CrazyTomas Opublikowano Piątek o 19:03 Opublikowano Piątek o 19:03 Skoro nikt nie chciał nic powiedzieć przez 24plus, to jeszcze coś z gatunku mała rzecz a cieszy. Serwa i popychacze SK i SW są w tylnej części kabinki i nad nimi przechodzi sporo, bo 3 przewody do silnika, 2 3-przewodowe taśmy do lotek. Warto nad serwami wkleić półkę z depronu i puścić kable nad nią. Inaczej na pewno któreś się zablokuje. Oczywiście w najgorszym momencie.
RobRoy Opublikowano Piątek o 21:05 Opublikowano Piątek o 21:05 Wkleić - nie wkleić - oto jest pytanie ... wkleić , albo na jakieś rzepy, lub przykręcaną żeby było dojście do serw ....

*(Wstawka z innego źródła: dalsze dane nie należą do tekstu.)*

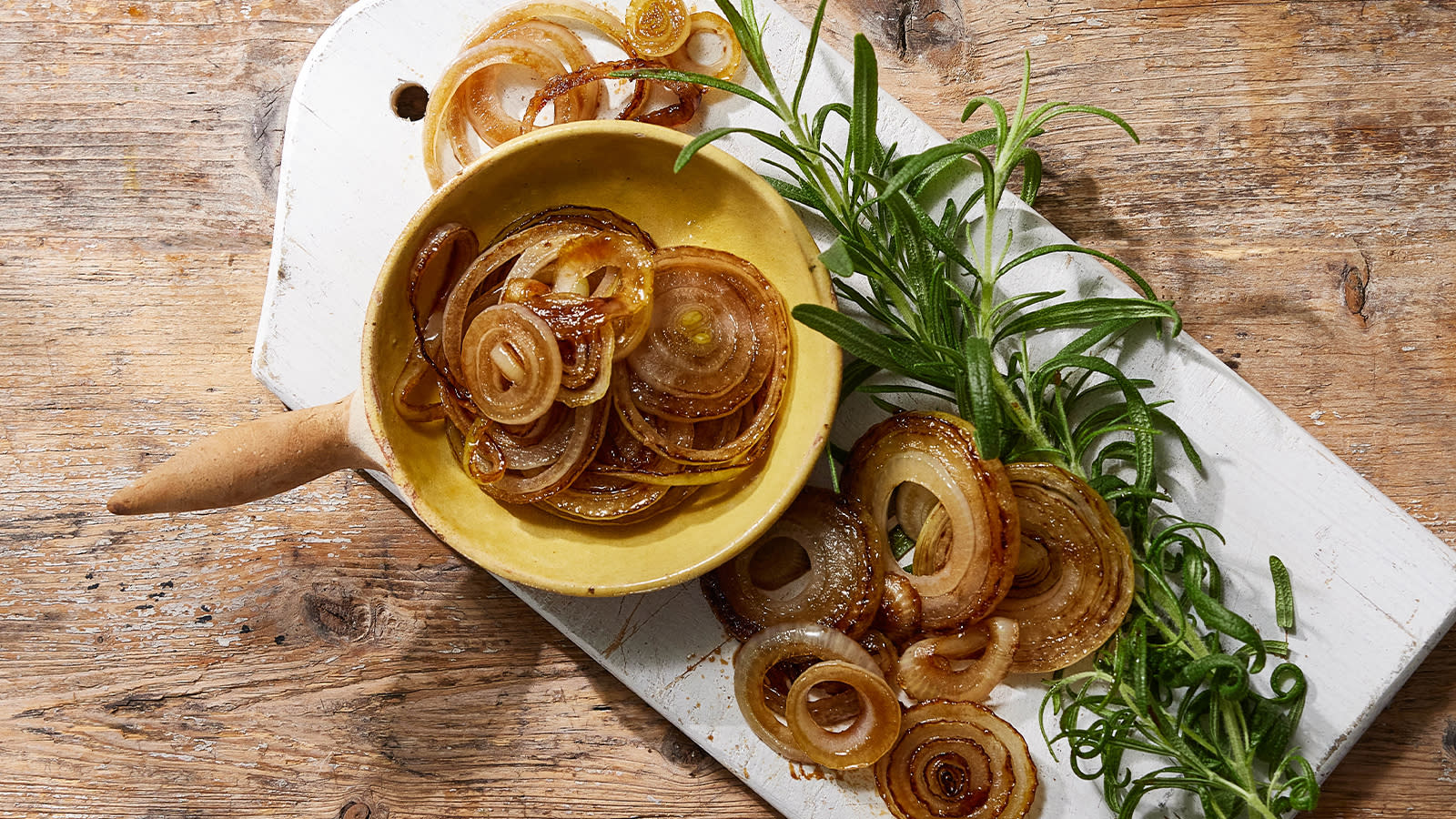 Grillet og karamellisert løk servert i gul skål på rustikk trebord.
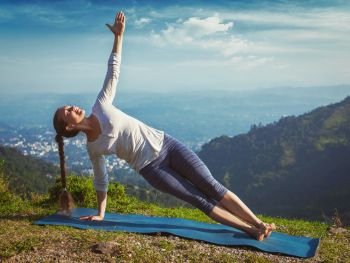 Yoga outdoors - beautiful sporty fit woman doing yoga asana Vasisthasana - side plank pose in mountains. Vintage retro effect filtered hipster style image.. Woman doing yoga asana Vasisthasana - side plank pose outdoors
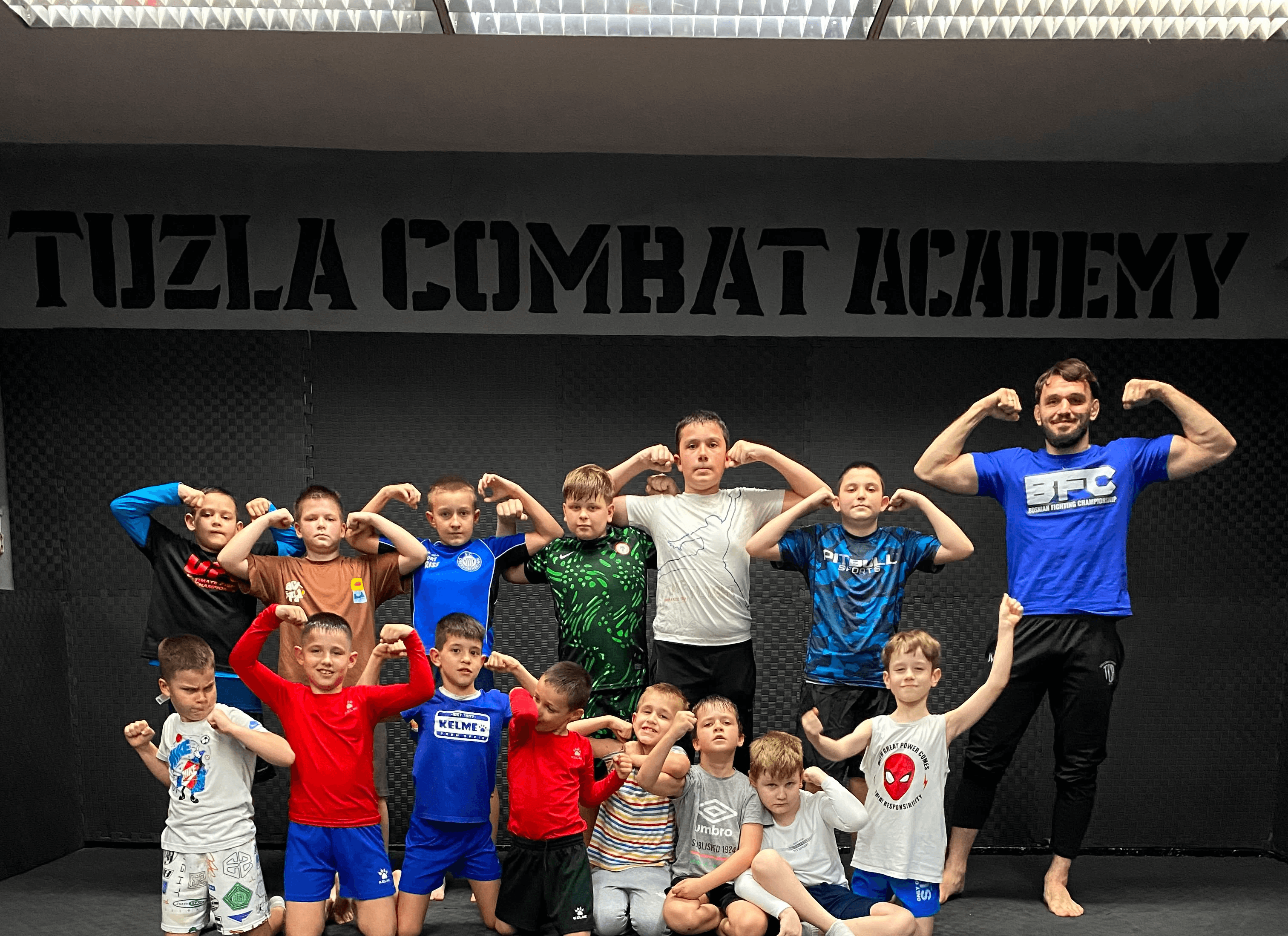 Djeca i trener pozdravljaju se za zajedničku fotografiju ispred loga Tuzla Combat Academy.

CrazyTomas Opublikowano Sobota o 12:30 Opublikowano Sobota o 12:30 Marka Hłaskę wyleczył z czytania Żeromskiego początek jednej z jego powieści. Mnie dzisiaj wyleczyło z zestawów PnP(nawet w promocji) mocowanie silnika wklejone na stałe wklejone na stałe w równie sklejonym kadłubie. Albo robię od podstaw po mojemu, albo wcale. Serwa - po podłączeniu popychaczy strach się bać, bo bez zasilania samo odłożenie modelu 790 gram wagi! powoduje ich przestawianie. Regulator opisany 40A grzeje się potężnie na śmigle 5 cali na 3/4 zakresu. Więcej strach. A nuż mi w twarz wybuchnie. Zobaczymy jutro w powietrzu, ma wiać mniej. PS do Kolegi ze Szkocji - wkleić na tyle wysoko żeby kabelki poszły górą a dojście do serw zostało.